Grandma's long-handled lorgnette of the sort found in many an attic, is likely to be Victorian in date and many examples still exist. The picture to the right shows a slightly more ornate one than usual, with a pierced ivory handle. You can see how it would be an eye-catching item to remove from a handbag and brandish ostentatiously in front of younger people before peering through it in an intimidating manner.
As time went on the original practical nature of lorgnettes was forgotten and some became very decorative, almost tasteless in design. Handles could be very long indeed, some even incorporating a telescopic extension or folding hinge half way down for ease of transport. Other unusual forms include lorgnettes combined with fans or double lorgnettes with two spectacle fronts of different powers for reading and distance vision.

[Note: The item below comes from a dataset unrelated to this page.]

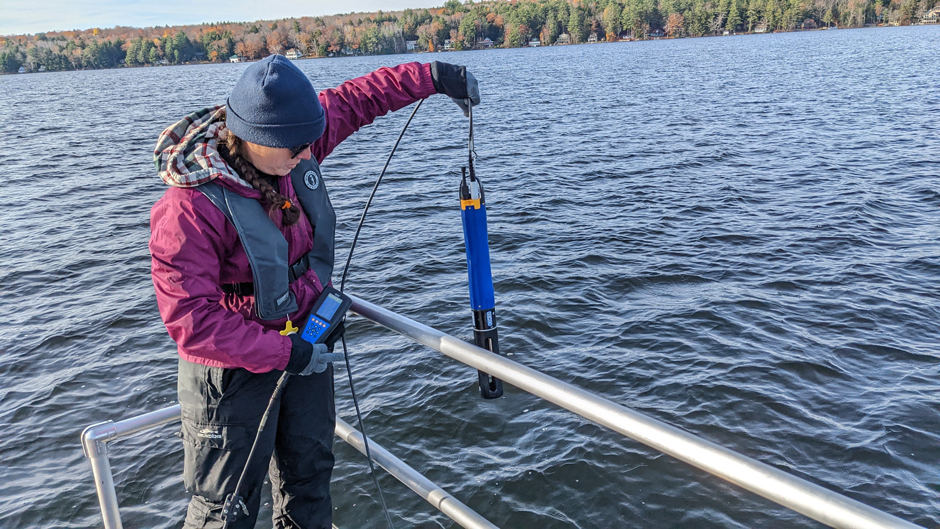 LEA Staff Limnologist Maggie Welch starting a profile using a YSI EXO2 sonde on Long Lake, Harrison, Maine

In the Edwardian period far thinner examples were introduced with spring-action. These are considered to be quite refined. They remained available for the higher class of customer well into the 20th century, sometimes folding compactly into dress-clip brooches. A brochure in our museum dating from as recently as 1977 shows that London Williamson Ltd was still supplying the 'Louis' range of lorgnettes and dress clips in either chrome or rolled gold, with round or hexagonal eye shapes. They proudly proclaimed that 'Lorgnettes are being rediscovered for what they are - highly useful optical aids'. The designs on offer look indistinguishable from much earlier products and should act as a warning that an ornate lorgnette is not necessarily an antique!
Frank Barraclough and John Dixon Salt, 'The Lorgnette', Ophthalmic Antiques, 100 (2007), 9-13.